- RECORDS PROVIDED
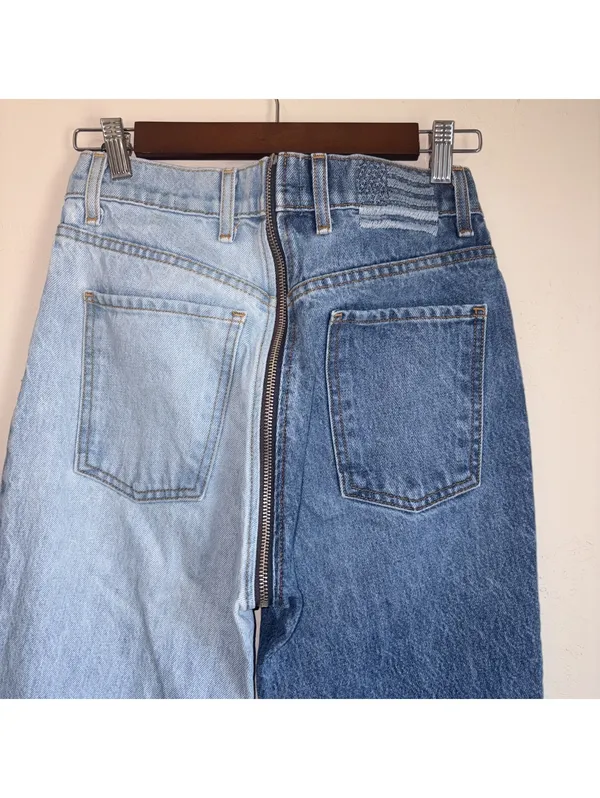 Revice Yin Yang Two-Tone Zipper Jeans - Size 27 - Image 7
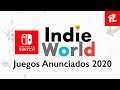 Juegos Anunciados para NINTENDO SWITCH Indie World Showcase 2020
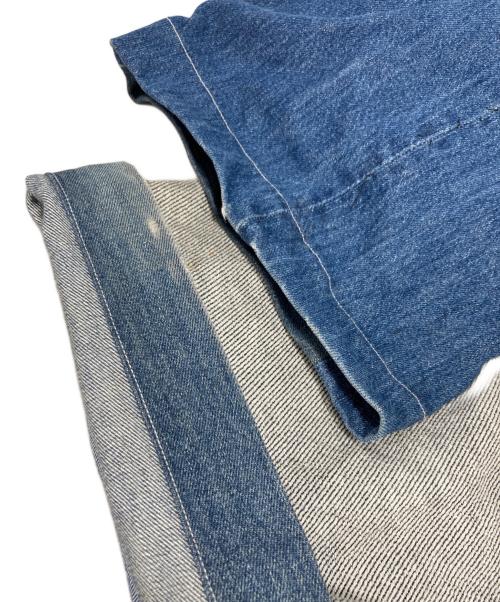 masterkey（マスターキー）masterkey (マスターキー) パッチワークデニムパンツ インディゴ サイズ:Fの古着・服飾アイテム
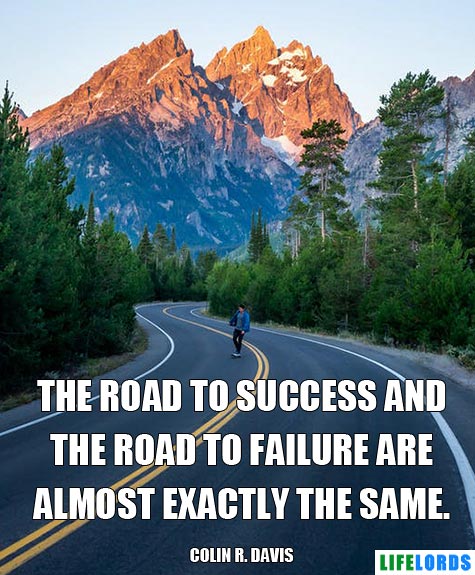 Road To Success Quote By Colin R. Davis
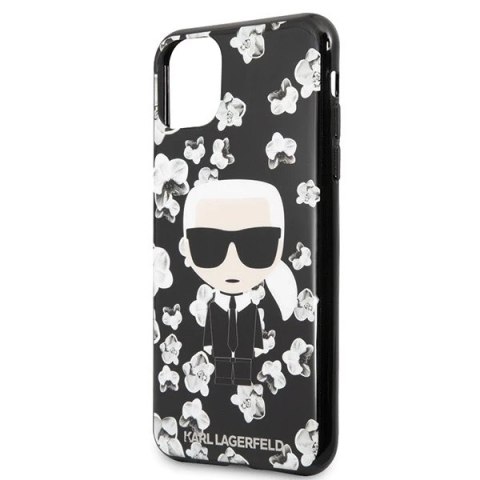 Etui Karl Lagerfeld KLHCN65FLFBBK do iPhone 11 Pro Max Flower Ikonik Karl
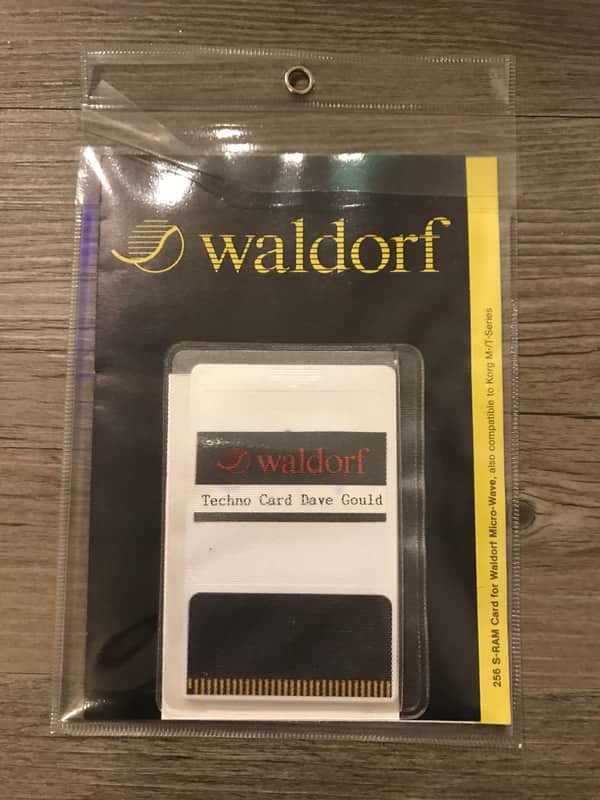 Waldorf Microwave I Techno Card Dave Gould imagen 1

- WHAT THIS TASK INVOLVES
Write out all the material above exactly, with no image carried over.

- SOLVED PROBLEM
 Revice Yin Yang Two-Tone Zipper Jeans - Size 27 - Image 7
 Juegos Anunciados para NINTENDO SWITCH Indie World Showcase 2020
 masterkey（マスターキー）masterkey (マスターキー) パッチワークデニムパンツ インディゴ サイズ:Fの古着・服飾アイテム
 Road To Success Quote By Colin R. Davis
 Etui Karl Lagerfeld KLHCN65FLFBBK do iPhone 11 Pro Max Flower Ikonik Karl
 Waldorf Microwave I Techno Card Dave Gould imagen 1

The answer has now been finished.